*Task item*. The line containing "Une maison est" marks the start; return it and every line after it in the listing below, exactly, through the last.

*The data*.
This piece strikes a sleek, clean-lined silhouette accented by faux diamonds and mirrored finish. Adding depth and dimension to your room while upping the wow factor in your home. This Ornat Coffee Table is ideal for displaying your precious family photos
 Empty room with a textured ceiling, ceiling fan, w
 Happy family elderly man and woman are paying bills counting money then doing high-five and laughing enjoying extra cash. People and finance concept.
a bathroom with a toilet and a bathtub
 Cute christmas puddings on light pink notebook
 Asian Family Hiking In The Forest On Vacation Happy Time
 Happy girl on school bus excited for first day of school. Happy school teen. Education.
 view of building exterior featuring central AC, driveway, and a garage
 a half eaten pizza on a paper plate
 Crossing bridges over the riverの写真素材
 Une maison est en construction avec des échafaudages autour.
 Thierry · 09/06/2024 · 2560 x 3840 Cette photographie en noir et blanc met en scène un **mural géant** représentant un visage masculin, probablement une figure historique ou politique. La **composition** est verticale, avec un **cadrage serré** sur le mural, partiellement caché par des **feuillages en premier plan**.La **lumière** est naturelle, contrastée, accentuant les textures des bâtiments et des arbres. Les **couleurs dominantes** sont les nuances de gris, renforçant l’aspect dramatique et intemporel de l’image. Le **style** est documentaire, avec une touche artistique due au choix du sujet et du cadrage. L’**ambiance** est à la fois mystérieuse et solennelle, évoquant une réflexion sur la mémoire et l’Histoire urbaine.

*Problem solution*.
 Une maison est en construction avec des échafaudages autour.
 Thierry · 09/06/2024 · 2560 x 3840 Cette photographie en noir et blanc met en scène un **mural géant** représentant un visage masculin, probablement une figure historique ou politique. La **composition** est verticale, avec un **cadrage serré** sur le mural, partiellement caché par des **feuillages en premier plan**.La **lumière** est naturelle, contrastée, accentuant les textures des bâtiments et des arbres. Les **couleurs dominantes** sont les nuances de gris, renforçant l’aspect dramatique et intemporel de l’image. Le **style** est documentaire, avec une touche artistique due au choix du sujet et du cadrage. L’**ambiance** est à la fois mystérieuse et solennelle, évoquant une réflexion sur la mémoire et l’Histoire urbaine.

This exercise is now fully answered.